The poem was written in July 1882. Therápia was a town near Yenikoÿ, where Haricleia Cavafy’s father had a house. She and five of her sons fled to safety with her family in Constantinople after the anti-European riots of 1882 in Alexandria; they stayed briefly in Therápia before moving to a small house in Cadíkoy that her father rented for them.
The manuscript is written in the hand of Cavafy’s brother John, who translated a number of the poet’s Greek poems; the subtitle indicates that this text is an English “transcription” of a poem that Cavafy had written in French. Cavafy occasionally used his mother’s maiden name, Photiades, as his middle name, instead of Petrou, a form of his father’s first name; hence the use of the initials “C. F. C.” here, where the letter “F,” in John’s transcription, stands for “Photiades.” Savidis suggests that the basis of this poem was the introductory poem “Fonction du Poète” (“The Poet’s Function”) in Victor Hugo’s collection
Les rayons et les
Ombres
(“Sunlight and Shadows,” 1840), which Cavafy owned; that poem exalts poetry as the “star that leads kings and shepherds to God!” The epigraph of this poem indicates that Cavafy wrote verse in French as well as English, although the original of this poem, “L’Ombre et les ombres,” written sometime before January 1883, has been lost.

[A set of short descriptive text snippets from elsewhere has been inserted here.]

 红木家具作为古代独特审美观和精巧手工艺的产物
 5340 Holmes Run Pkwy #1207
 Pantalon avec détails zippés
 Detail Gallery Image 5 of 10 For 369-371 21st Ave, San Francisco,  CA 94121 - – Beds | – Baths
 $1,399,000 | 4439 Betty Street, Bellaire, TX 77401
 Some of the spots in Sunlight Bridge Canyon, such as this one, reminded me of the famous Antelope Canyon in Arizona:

The title and date appear on the first of the five sheets comprising the dossier. The relatively large number of papers associated with this poem, and their evidence of many additions, corrections, and revisions, amounting to what Lavagnini has identified as three discrete forms (of which the third is the one reproduced in the main text), offer a particularly intriguing glimpse into Cavafy’s creative thinking. The significance of these earlier versions justifies reproducing one of them here—the first, which differs most significantly from the last form. As reconstructed by Lavagnini, it reads as follows:
He was gloomily reading the item in the papers:
The crime occurred last night
around ten. The paper, rightly,
abhorred the murder, but, typically,
displayed its complete disdain
for the reprobate life of the victim,
for the corrupt individual.
He read. The paper made an error,
it wouldn’t have been ten, but much later.

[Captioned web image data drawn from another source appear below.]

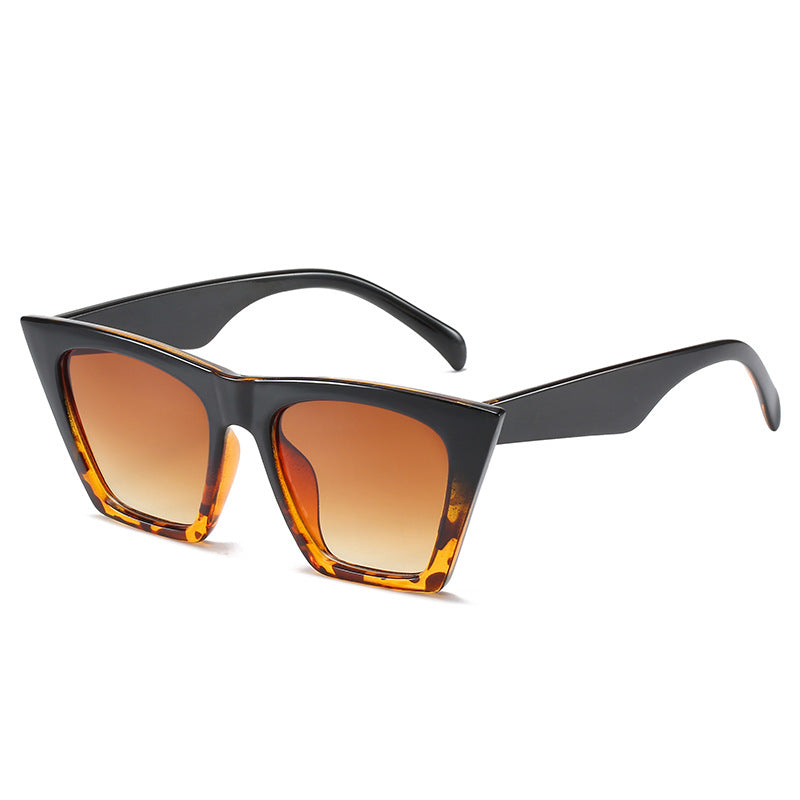 Dame stilige solbriller i oppsiktsvekkende leopardmønster Skanto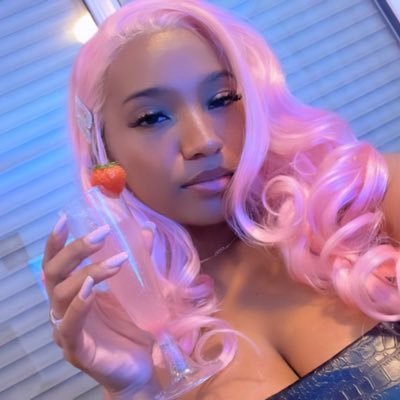 _birdseye_view's profile picture. Wife & Mom | Entrepreneur | Sound Tech. & Co-Host of The Project Twins podcast on Spotify 🎙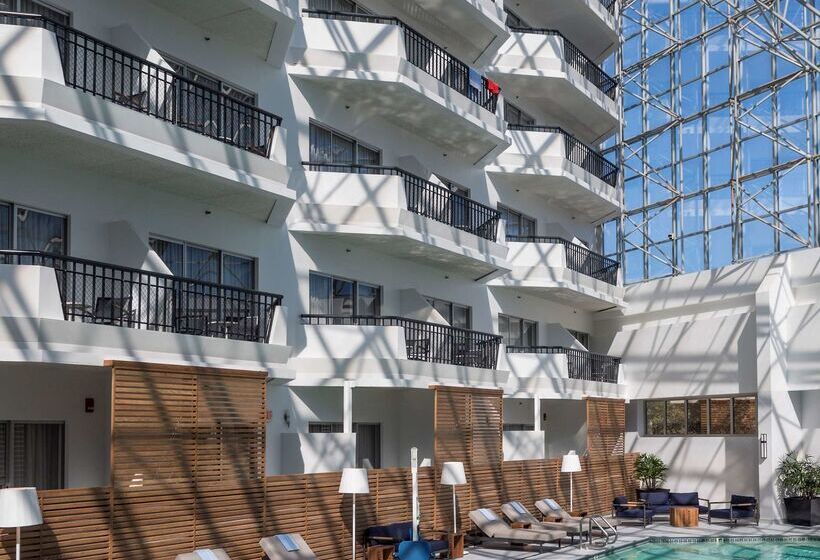 ホテル Hilton Boston/ Woburn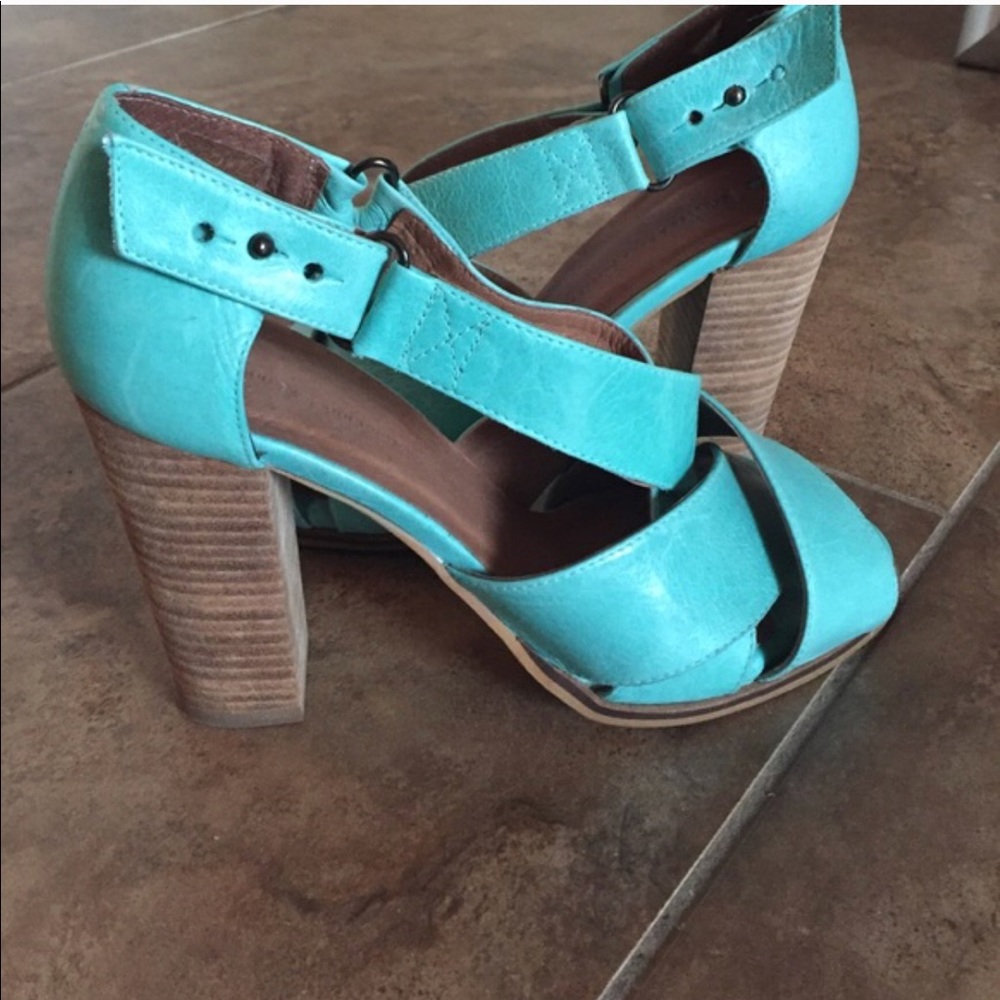 Anthropologie Schuler & Sons Mint Heels Size 38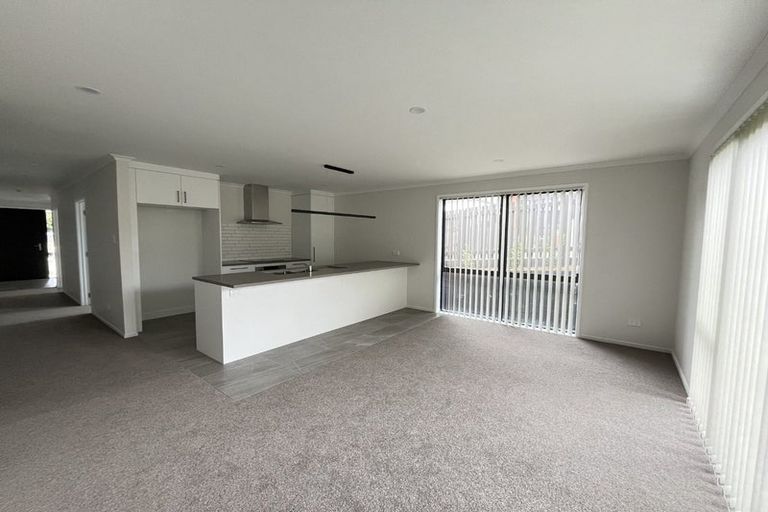 Photo of property in 11 Hillock Rise, Ramarama, 2579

They were together until twelve
(the first time—they barely knew each other
by sight) in a room that was
half hotel, half brothel.
It noted the details of the wound, …
The motive was attempted blackmail …
Mechanically he read about
the indignation that the reporter felt
about the crime; and immediately afterward
about his disdain for the depraved victim.

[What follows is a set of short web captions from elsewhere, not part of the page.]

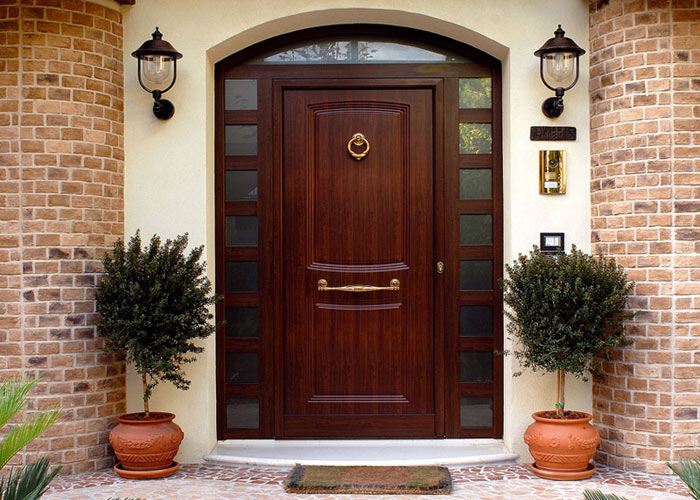 Особенности выбора бронированных дверей для дома и офиса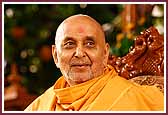 Swamishri blesses the morning assembly 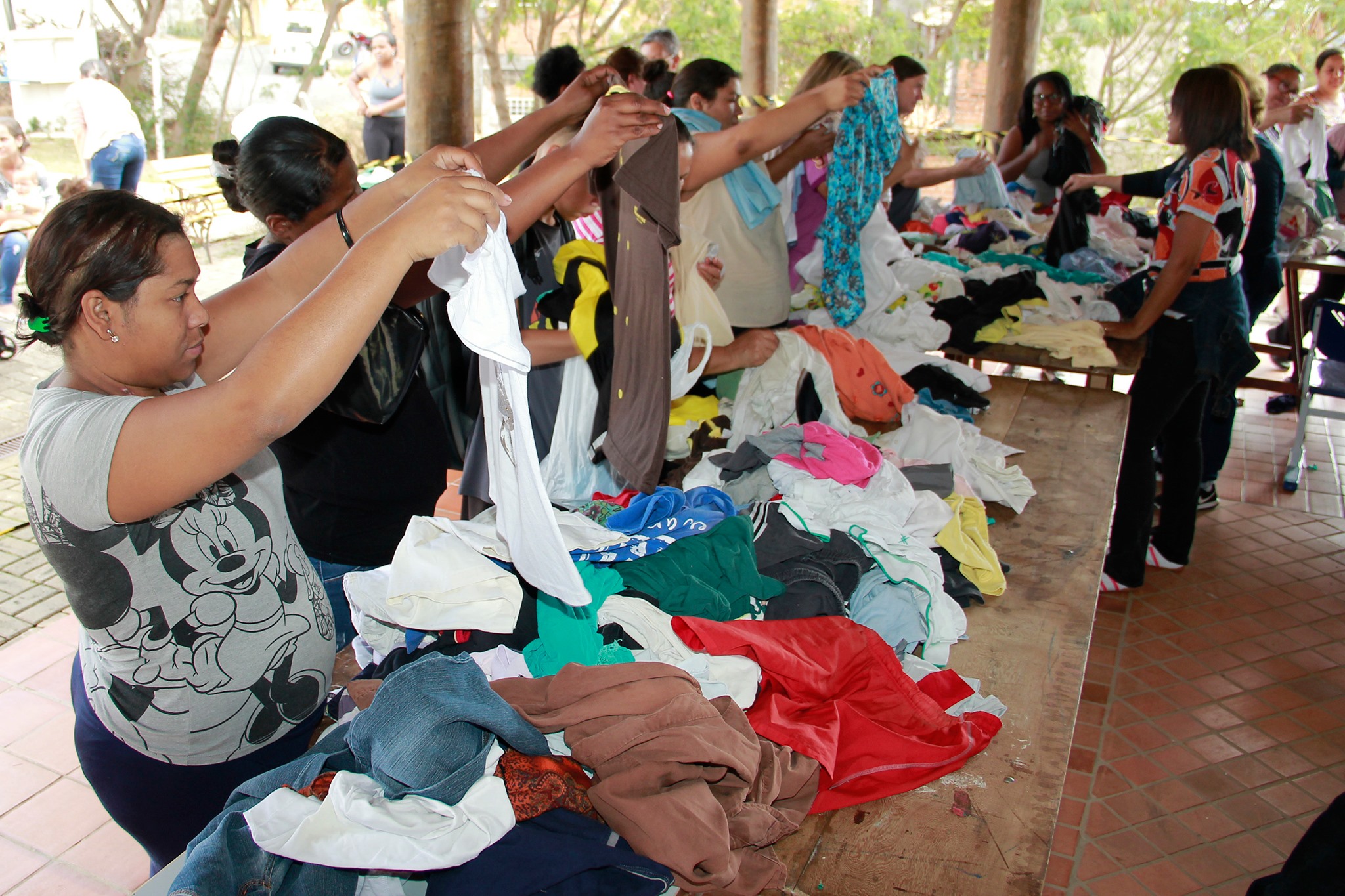 Fundo Social realiza doações de roupas arrecadadas no programa Jaguariúna Solidária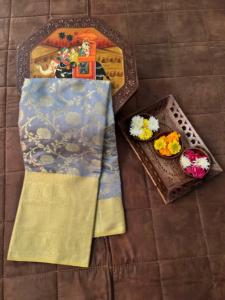 Jyothika Saree à la mode indien du nord et du sud bicolore avec chemisier en tissu Zardosi doux et sexy pour les mariages - Product Image 4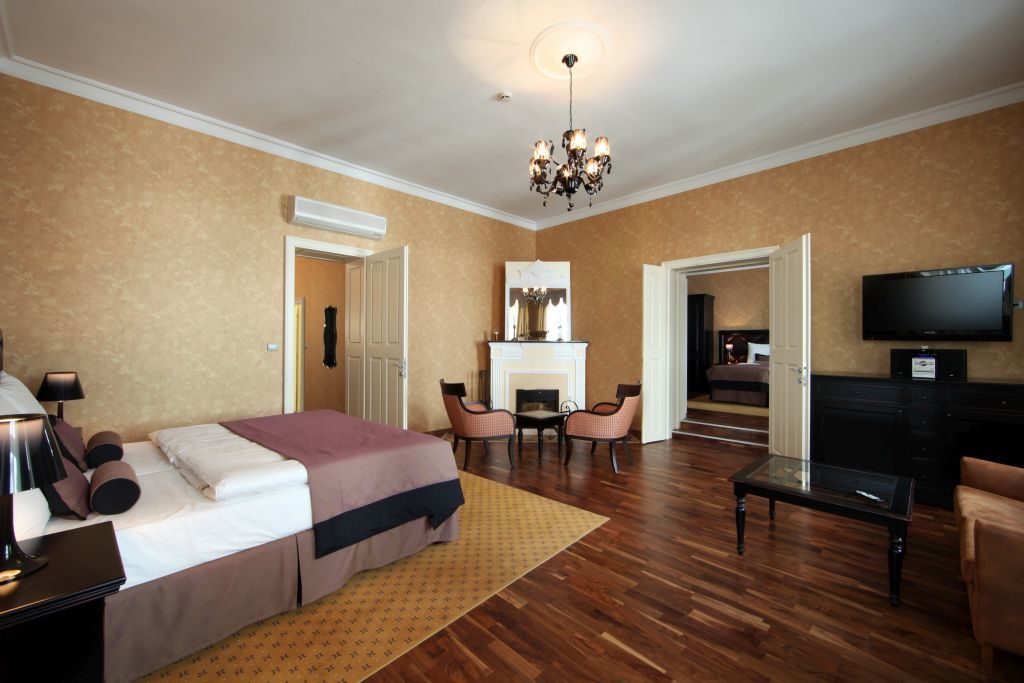 Skaritz & Hotel 4*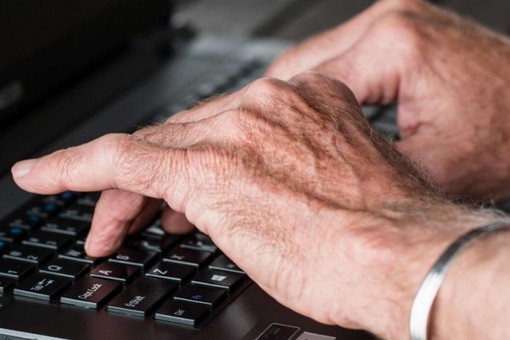 &quot;Mai Troppo Tardi&quot;: corsi gratuiti di formazione digitale per over 65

His disdain.… And he, mourning inwardly,
recalled the sweet lips; the exquisitely
white, sublime flesh that he hadn’t kissed enough.
The second form preserves the basic structure and narrative sequence of the first, adding (after “The paper, rightly / abhorred …”) the detail that the victim’s death was “moreover, an accident, it wasn’t intentional”: an element that recurs in the last version.
The most important change to both earlier drafts—important for the tone and meaning of the final version, certainly, and also for our appreciation of Cavafy’s self-editing—is the displacement, as Lavagnini notes, of the emotionally charged reverie (“His disdain.… And he, mourning inwardly, / recalled the sweet lips; the exquisitely / white, sublime flesh that he hadn’t kissed enough”) from the end of the poem, in the two earlier versions, where it has a more obvious emphatic effect, to the central stanza: a revision that gives the final version greater impact through the imposition of greater restraint.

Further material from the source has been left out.